Weekly GitHub Report for Xla: July 14, 2025 - July 21, 2025 (12:03:15)

                        July 21, 2025

            Weekly GitHub Report for Xla: July 14, 2025 - July 21, 2025 (12:03:15)

                    Weekly GitHub Report for Xla
Thank you for subscribing to our weekly newsletter! Each week, we deliver a comprehensive summary of your GitHub project's latest activity right to your inbox, including an overview of your project's issues, pull requests, contributors, and commit activity.

Table of Contents

I. News
1.1. Recent Version Releases
1.2. Other Noteworthy Updates

II. Issues
2.1. Top 5 Active Issues
2.2. Top 5 Stale Issues
2.3. Open Issues
2.4. Closed Issues
2.5. Issue Discussion Insights

III. Pull Requests
3.1. Open Pull Requests
3.2. Closed Pull Requests
3.3. Pull Request Discussion Insights

IV. Contributors
4.1. Contributors

I. News
1.1 Recent Version Releases:
No recent version releases were found.
1.2 Version Information:
To provide a summary, I would need the specific version release information, including the description and creation date. Please provide those details so I can assist you effectively.

II. Issues
2.1 Top 5 Active Issues:
We consider active issues to be issues that that have been commented on most frequently within the last week. Bot comments are omitted. 

Missing CUDNN 9.10.2 for json hermetic, will CUDA 12.9.1 also be missing?: This issue highlights the absence of CUDNN 9.10.2 in the JSON hermetic files for building JAX from source, and raises concerns about the potential unavailability of CUDA 12.9.1, which is crucial for resolving numerous Windows compile errors.
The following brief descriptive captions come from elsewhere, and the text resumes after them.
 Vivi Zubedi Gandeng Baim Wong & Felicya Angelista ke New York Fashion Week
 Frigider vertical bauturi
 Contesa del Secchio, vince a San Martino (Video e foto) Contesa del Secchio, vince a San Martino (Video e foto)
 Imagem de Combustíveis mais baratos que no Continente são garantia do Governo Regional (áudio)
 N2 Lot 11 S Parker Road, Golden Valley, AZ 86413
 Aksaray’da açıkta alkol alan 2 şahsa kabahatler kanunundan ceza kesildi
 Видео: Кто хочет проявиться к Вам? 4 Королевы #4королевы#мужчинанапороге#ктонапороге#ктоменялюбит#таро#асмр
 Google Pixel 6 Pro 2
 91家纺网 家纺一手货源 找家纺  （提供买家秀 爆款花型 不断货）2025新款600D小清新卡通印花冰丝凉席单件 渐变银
The user expresses frustration with the lack of support for a non-WSL Windows CUDA build of JAX/XLA, emphasizing the necessity due to better Amazon Windows API support compared to Linux.

The comments reveal that the mirror URLs for the newer versions of CUDNN and CUDA do not exist yet, indicating that the TensorFlow team has not mirrored these JSON files. A script is shared to test the availability of these files, but it encounters certificate revocation check errors, confirming the absence of the required files.
Number of comments this week: 2

Build error while trying to build algorithm.cc: This issue involves a build error encountered while attempting to compile the algorithm.cc file in the XLA project using Bazel, specifically related to a static assertion failure indicating that the result type must be constructible from the value type of the input range. The error appears to be linked to the use of STL algorithms that require a copy constructor, which is not available for the AllocationValue class, leading to the build failure.

The commenter suggests that the issue arises from STL algorithms using the copy constructor, causing the error. They resolved it by implementing a move constructor and a move assignment operator for the AllocationValue class and deleting the copy constructor to force the use of the move constructor. They also express surprise that others have not encountered this issue.
Number of comments this week: 1

GPU mocking hangs the compiler (in autotuning): This issue involves a problem with the GPU mocking feature in a GitHub project, where using GPU mocking to simulate multiple processes causes the autotuner sharding to hang when attempting to retrieve autotuning results from the mock processes. The provided JAX code snippet demonstrates the issue, which occurs during the compilation process when the autotuner is engaged.

The comment section provides a stack trace of the hang and suggests that the issue might be related to the use of a key-value store with GPU mocking. A potential solution is proposed, which involves avoiding the use of the key-value store in this context, and a related pull request is mentioned.
Number of comments this week: 1

[Proposal] Extract the Profiling Subsystem into a Dedicated OpenXLA Repository: This issue proposes extracting the XLA profiling subsystem into a dedicated repository within the OpenXLA organization to make it more accessible to other projects without requiring a dependency on the entire XLA monorepo. The proposal highlights the subsystem's modular and extensible design, which could benefit the broader machine learning ecosystem by providing a focused repository for high-performance C++ tracing infrastructure.

A commenter expressed interest in working on the proposal and requested guidance from an experienced member of the OpenXLA community.
Number of comments this week: 1

Since there were fewer than 5 open issues, all of the open issues have been listed above.
2.2 Top 5 Stale Issues:
We consider stale issues to be issues that has had no activity within the last 30 days. The team should work together to get these issues resolved and closed as soon as possible. 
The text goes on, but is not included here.